Alberta is launching the new Oil Sands Mine Water Steering Committee to speed up the reclamation of oil sands tailings ponds. The expert committee will study potential policies and measures for and suggest options that would best allow for reclamation to occur as quickly and safely as possible. Alberta’s government will use the committee’s work to create an accelerated plan to reclaim the water in oil sands tailing ponds and eventually return the land for use by future generations.

“Managing oil sands mine water and reclaiming tailings ponds is a complex issue that requires collaboration. This committee will look at all the feasible options for addressing oil sands mine water and tailings ponds and suggest ways to safely reclaim the land and ensure our waterways remain clean for future generations.”

Rebecca Schulz, Minister of Environment and Protected Areas

Tailings ponds are a complex issue that likely cannot be addressed through just one solution. Significant technical research and analysis has been conducted by industry, as well as the province’s Oil Sands Mine Water Science Team. There have also been past discussions with local Indigenous communities on this issue, and the Crown-Indigenous Working Group for the Potential Oil Sands Mining Effluent Regulations has issued several reports examining different options. However, no clear consensus has been identified and research is still emerging. The steering committee is expected to evaluate a wide range of options for addressing oil sands mine water and reclaiming tailings ponds in an accelerated timeframe.

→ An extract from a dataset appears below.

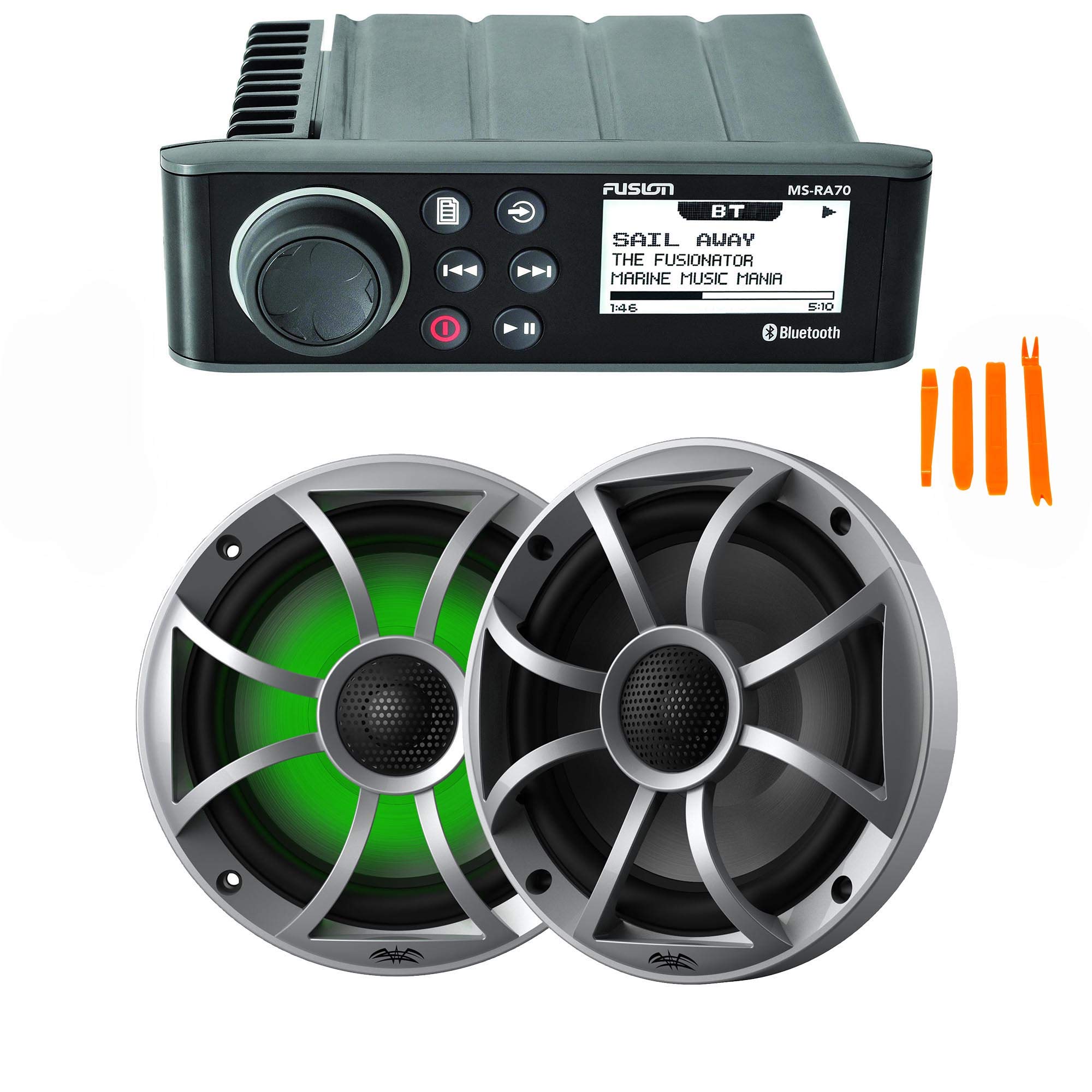Fusion MS-RA70 Marine Stereo System with AM/FM Radio & Bluetooth | Wet Sounds Recon 6-S RGB 6.5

To do this, the steering committee will review all relevant research and engage with communities, industry and governments to ensure that many perspectives and potential solutions are considered. More information will be shared in the coming months on how the public can submit technical information. All viable solutions to this challenging issue will be considered.

“This is an important step forward to responsibly address oil sands mine water and reclaim tailings ponds more swiftly and effectively.”

Tany Yao, MLA for Fort McMurray-Wood Buffalo

The province is looking forward to the committee’s advice to help develop an accelerated plan for addressing tailings ponds while protecting the health of local and downstream communities and the environment.

Members of the committee

The Oil Sands Mine Water Steering Committee will include:

  • Chief Jim Boucher, AOE, President, Saa Dene Group of Companies, former chief of Fort McKay First Nation.
  • Mohamed Gamal El-Din, PhD, engineering research chair and director of the Water Research Centre at the University of Alberta
  • Andrea Larson, researcher and retired Alberta Energy Regulator employee with experience in oil sands mining
  • Alan Reid, retired oil and gas executive with experience with the Pathways Alliance, Cenovus Energy and others
  • Lorne Taylor, PhD, former chair of Alberta Water Research Institute, former chair of the Alberta Environmental Monitoring Evaluation and Reporting Agency, and former provincial minister of Science, Research and Information Technology; Innovation and Science; and Environment.
  • Tany Yao, MLA for Fort McMurray-Wood Buffalo

Quick facts

  • All mines produce tailings. In oil sands mining operations, tailings are a mixture of water, sand, clay and residual bitumen and are the byproduct of the extraction process used to separate the oil from sand and clay.
  • The Oil Sands Mine Water Steering Committee will be supported by an independent facilitator external to the Government of Alberta.
  • The committee will determine which options are feasible based on available technology, alignment with existing policies, environmental and community impacts, economics, infrastructure needs and liability implications.
  • Alberta’s government expects that the committee will suggest multiple opportunities to address oil sands mine water based on their analysis of existing research and what they hear from industry, Indigenous communities, governments and others.
  • Oil sands mine operations in Alberta have reduced the amount of fresh water used per barrel by 23 per cent since 2017. All operators came in below their approved volume limits in 2022.